Interpellé le 23 novembre, à sa descente d’avion alors qu’il revenait d’un voyage en Colombie, l’individu domicilié à Ermont et conducteur de bus travaillant pour plusieurs sociétés dont Flixbus, a toujours nié les accusations lors de ses auditions.
Je ne me suis jamais soustrait de mes responsabilités, j’ai des principes et une morale », lâche le prévenu.

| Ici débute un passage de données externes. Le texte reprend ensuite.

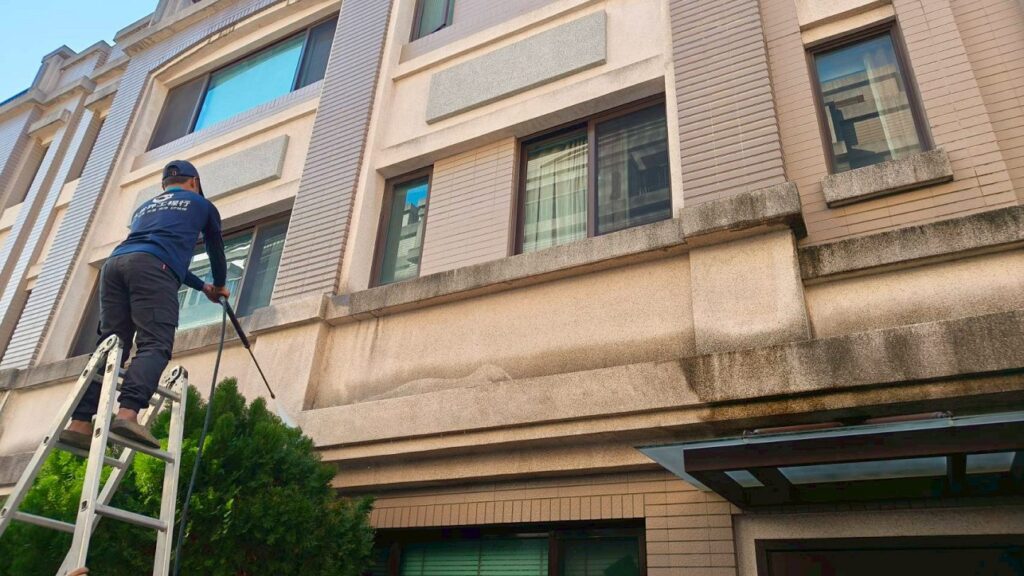 外牆防水、室內壁癌-軍福十三路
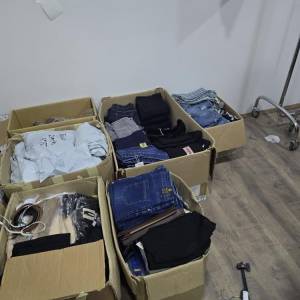 Rasprodaja Ženske Odjeće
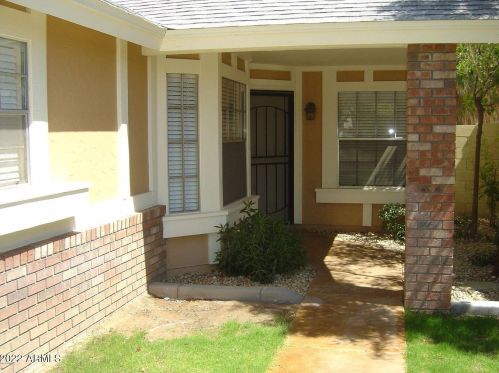 3838 Everett Dr, Phoenix AZ  85032-5212 exterior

Il évoque une consommation excessive d’alcool ce soir-là et cette pilule avalée qui l’aurait rendu malade et fait perdre la mémoire. L’expertise médicale n’a toutefois relevé aucune trace de drogue, tandis que les experts psychologues ont conclu que l’amnésie avancée par Ilyane ne peut être retenue, l’homme ne souffrant pas de syndrome confusionnel.
« Une amnésie invraisemblable »
« Une amnésie indéfendable et invraisemblable », tance, quant à lui, le procureur de la République qui souligne avec étonnement « j’ai rarement vu un innocent se défendre avec si peu d‘énergie, sur un ton presque atone ».
Pour le magistrat, la culpabilité du prévenu ne fait aucun doute. « Il y la voiture, le téléphone qui borne, même Monsieur D. reconnaît que l’homme filmé par les caméras de surveillance lui ressemble. » Relevant le côté « inquiétant d’une telle dénégation », il assure :
la vérité dramatique c’est que le prévenu est rentré dans deux chambres et a agressé de façon odieuse ces deux personnes très affaiblies avant de prendre la fuite après avoir été repéré ».
Le procureur a ainsi requis une peine de 5 ans de prison avec un maintien en détention.
Le tribunal ayant suivi ses réquisitions, Ilyane D. a été renvoyé en prison à la fin de l’audience. Il sera, par ailleurs, inscrit sur le fichier des délinquants sexuels.